# INFORMATION SUPPLIED

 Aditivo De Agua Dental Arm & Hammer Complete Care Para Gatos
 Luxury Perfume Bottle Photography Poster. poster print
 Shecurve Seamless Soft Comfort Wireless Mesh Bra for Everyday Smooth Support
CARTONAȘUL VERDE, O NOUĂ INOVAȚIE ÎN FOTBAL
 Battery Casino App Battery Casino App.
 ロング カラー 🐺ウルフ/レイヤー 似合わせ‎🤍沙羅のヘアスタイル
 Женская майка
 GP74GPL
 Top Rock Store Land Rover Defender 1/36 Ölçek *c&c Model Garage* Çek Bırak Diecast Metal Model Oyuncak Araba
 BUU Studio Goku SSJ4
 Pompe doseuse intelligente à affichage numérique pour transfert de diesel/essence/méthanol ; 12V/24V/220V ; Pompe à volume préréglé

...

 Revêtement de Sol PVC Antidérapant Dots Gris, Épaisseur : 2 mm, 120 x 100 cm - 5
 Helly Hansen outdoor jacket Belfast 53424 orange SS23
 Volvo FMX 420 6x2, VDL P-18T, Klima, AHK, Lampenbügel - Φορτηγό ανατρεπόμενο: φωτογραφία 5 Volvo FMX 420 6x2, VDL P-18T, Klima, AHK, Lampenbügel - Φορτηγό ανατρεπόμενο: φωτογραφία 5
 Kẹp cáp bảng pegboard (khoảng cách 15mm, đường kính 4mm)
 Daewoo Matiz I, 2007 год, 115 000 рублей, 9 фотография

* * *

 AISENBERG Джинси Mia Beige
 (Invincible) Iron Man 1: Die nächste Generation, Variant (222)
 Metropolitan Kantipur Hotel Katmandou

# ACTIVITY
Only the lines above from the one with "CARTONAȘUL VERDE, O NOUĂ INOVAȚIE ÎN FOTBAL" through the one with "BUU Studio Goku SSJ4" should be duplicated, character for character.

# WRITTEN ANSWER
CARTONAȘUL VERDE, O NOUĂ INOVAȚIE ÎN FOTBAL
 Battery Casino App Battery Casino App.
 ロング カラー 🐺ウルフ/レイヤー 似合わせ‎🤍沙羅のヘアスタイル
 Женская майка
 GP74GPL
 Top Rock Store Land Rover Defender 1/36 Ölçek *c&c Model Garage* Çek Bırak Diecast Metal Model Oyuncak Araba
 BUU Studio Goku SSJ4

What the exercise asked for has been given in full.